■ The data
**********

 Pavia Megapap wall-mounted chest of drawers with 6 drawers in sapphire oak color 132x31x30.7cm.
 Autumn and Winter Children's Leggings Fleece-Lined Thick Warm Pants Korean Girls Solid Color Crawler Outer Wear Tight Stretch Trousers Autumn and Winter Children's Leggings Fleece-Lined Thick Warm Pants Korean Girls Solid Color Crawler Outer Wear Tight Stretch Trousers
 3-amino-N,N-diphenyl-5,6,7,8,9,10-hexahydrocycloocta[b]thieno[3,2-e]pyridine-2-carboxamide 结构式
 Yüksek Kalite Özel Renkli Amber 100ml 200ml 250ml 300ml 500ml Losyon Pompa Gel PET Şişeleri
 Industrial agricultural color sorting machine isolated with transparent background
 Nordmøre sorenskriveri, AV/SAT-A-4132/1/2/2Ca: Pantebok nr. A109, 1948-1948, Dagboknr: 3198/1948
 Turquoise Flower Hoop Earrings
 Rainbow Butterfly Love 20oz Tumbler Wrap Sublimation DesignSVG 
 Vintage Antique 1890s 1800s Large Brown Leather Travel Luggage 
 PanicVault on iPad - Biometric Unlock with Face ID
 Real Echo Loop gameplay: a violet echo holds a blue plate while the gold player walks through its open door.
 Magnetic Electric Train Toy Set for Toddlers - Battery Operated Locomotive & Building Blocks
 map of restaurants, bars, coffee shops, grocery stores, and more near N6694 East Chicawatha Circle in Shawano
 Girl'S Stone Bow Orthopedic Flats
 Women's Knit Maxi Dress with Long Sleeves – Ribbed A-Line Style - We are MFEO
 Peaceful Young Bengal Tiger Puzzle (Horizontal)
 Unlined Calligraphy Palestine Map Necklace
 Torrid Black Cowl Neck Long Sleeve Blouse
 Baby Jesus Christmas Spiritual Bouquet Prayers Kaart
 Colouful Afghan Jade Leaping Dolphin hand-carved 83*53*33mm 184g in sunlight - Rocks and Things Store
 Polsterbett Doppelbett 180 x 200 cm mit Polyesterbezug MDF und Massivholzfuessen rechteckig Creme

**********

■ Your objective
Using the entries above, output exactly the lines between the line holding "Girl'S Stone Bow Orthopedic Flats" and the line holding "Colouful Afghan Jade", end lines included, and nothing more.

■ Answer box
 Girl'S Stone Bow Orthopedic Flats
 Women's Knit Maxi Dress with Long Sleeves – Ribbed A-Line Style - We are MFEO
 Peaceful Young Bengal Tiger Puzzle (Horizontal)
 Unlined Calligraphy Palestine Map Necklace
 Torrid Black Cowl Neck Long Sleeve Blouse
 Baby Jesus Christmas Spiritual Bouquet Prayers Kaart
 Colouful Afghan Jade Leaping Dolphin hand-carved 83*53*33mm 184g in sunlight - Rocks and Things Store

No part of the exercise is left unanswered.